▸ ACTIVITY:
With the material below, print exactly the lines between the line holding "A cat is seen" and the line holding "blood cells, red", inclusive. Add nothing else.

▸ GIVEN RECORDS:
..........

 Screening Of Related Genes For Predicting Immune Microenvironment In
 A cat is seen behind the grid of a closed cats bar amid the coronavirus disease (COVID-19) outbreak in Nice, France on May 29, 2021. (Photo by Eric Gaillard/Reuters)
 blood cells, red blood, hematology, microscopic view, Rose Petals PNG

..........

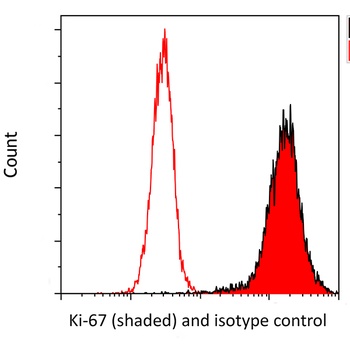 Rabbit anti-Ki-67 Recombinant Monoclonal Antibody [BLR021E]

..........

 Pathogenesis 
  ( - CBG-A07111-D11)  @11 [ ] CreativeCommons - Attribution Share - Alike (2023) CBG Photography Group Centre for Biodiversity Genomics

..........

▸ ANSWER SECTION:
 A cat is seen behind the grid of a closed cats bar amid the coronavirus disease (COVID-19) outbreak in Nice, France on May 29, 2021. (Photo by Eric Gaillard/Reuters)
 blood cells, red blood, hematology, microscopic view, Rose Petals PNG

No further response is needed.